Since the Legislature’s approval of an enhanced Mississippi Motion Picture Incentive, the state has one of the best incentive programs in the country and is readying to compete with states like Georgia and Louisiana, both of which have film industries of more than $1 billion annually.
Tips for investors
Mississippi’s incentive program, which offers a 25 percent cash rebate on local spend and out-of-state payroll, as well as a 30 percent rebate on in-state payroll, is something investors can take to the bank, said panelist Shawnassey Howell Britt, an entertainment lawyer with Jackson’s Frascogna Courtney, PLLC. The 25 percent rebate can become collateral for a loan, Britt said.
A minimum spend of $50,000 is required for the incentive, and rebates are capped at $8 million per project.
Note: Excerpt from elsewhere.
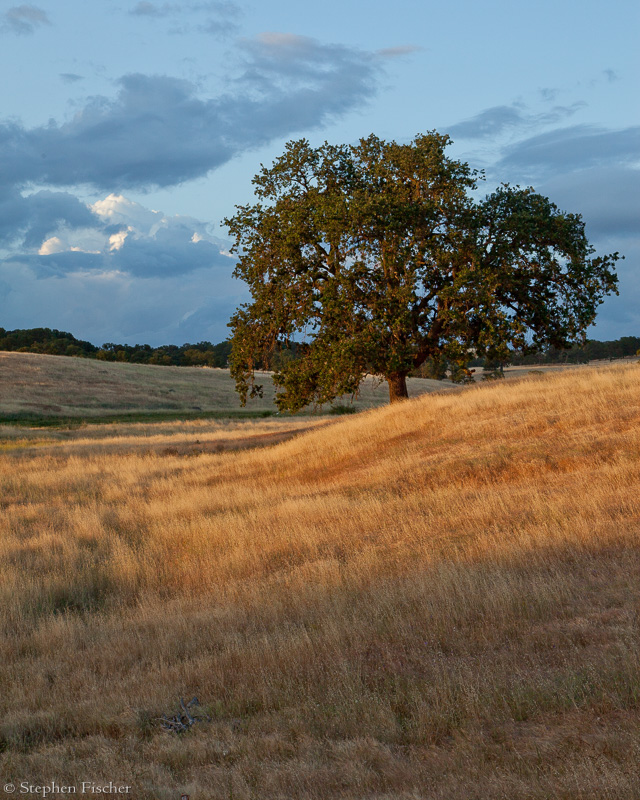 Golden oak, blue sky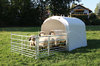 Großraumhütte für Schafe mit Anschlusset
In the current economy, rarely does one investor fund an entire project, and piecing together funding and investors is more common.
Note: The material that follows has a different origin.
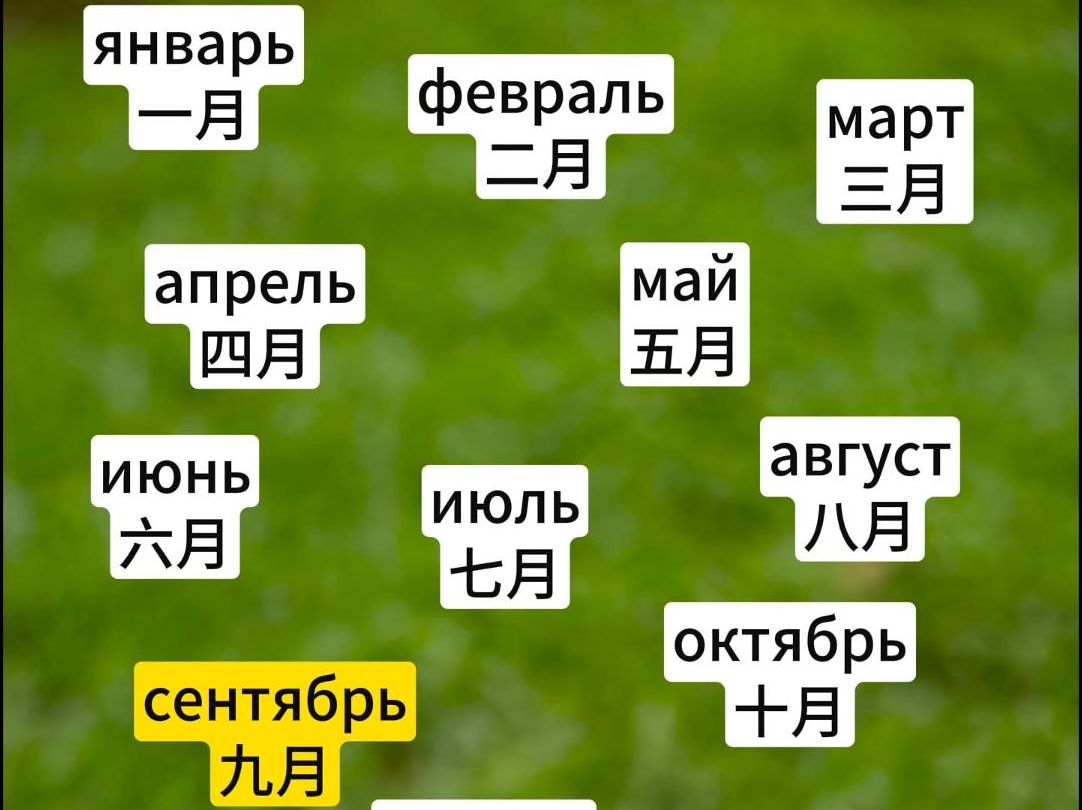 把自己当成俄罗斯人记俄语单词|月份篇哔哩哔哩bilibili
As Hudson Hickman, a New Albany native and former TV producer for MGM Studios, said, there is not a Yellow Pages listing for film financing. Hudson wants to shoot a project in Flora.
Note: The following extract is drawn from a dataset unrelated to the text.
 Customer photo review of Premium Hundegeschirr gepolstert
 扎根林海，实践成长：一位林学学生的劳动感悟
Filmmakers also discussed crowd sourcing, or the use of free web sites like Kickstarter.com, where small amounts of money can be raised from a vast audience.
Melanie Addington of the Oxford Film Festival said the feature she produced and co-wrote, “Where I Begin,” raised more than $8,000 on a crowd sourcing web site. But Addington cautioned that such sites require a significant amount of legwork and have financial repercussions for funding goals not reached within a certain time period.
Producers also stressed the importance of contracts. Britt said hand-shake deals are heart attacks for entertainment lawyers. Even when accepting free services from friends, conditions should always be put in writing.
Mississippi has unique locations, but the state’s new film incentive alone is not enough to attract filmmakers due to inconvenience factors, such as lack of direct flights from California and a low local crew base, panelists said. Additional incentives within a city – such as restaurant and hotel packages and rental discounts – can make a big difference, since producers respond to money.
“It’s not enough for Natchez to go to a location expo with a DVD,” said Jennifer Ogden, a Natchez native with 37 years of producing experience in New York and Los Angeles. Ogden is trying to bring the filming of a series of popular children’s books to Mississippi.
Attendee Bill Crump, chair of Greenwood-Leflore Carroll Economic Development Foundation and governmental affairs director at Viking Range Corp., said additional incentives were key in attracting the DreamWorks Studios picture “The Help,” which had a $27-million budget and a $15-million impact on Greenwood.
“We treated the movie as an economic development project. The economic development foundation put together a private funding package with some of our regular economic development partners,” he said. Hotel deals, office space and a cash payment for rentals gave Greenwood an edge over Shreveport, La., a popular city for film making.
States like Louisiana also have an edge on Mississippi because they have a number of trained crew members – those with technical skills for lighting, sound production and other needs – who live in the state. Producers are not fond of high transportation and housing costs needed to bring in out-of-state assistance that take away from “dollars on the screen.”
Red Planet Entertainment producer Wes Benton, a Jackson native and 30-year industry veteran, favors recruiting a steady stream of low-budget films to the Magnolia State.
“The Help” has done a lot to bring visibility to the state, Benton said, but in the future he would like to see 12 films a year, for example, each with budgets of $1 million, which would allow a local crew base to develop and find steady work in Mississippi.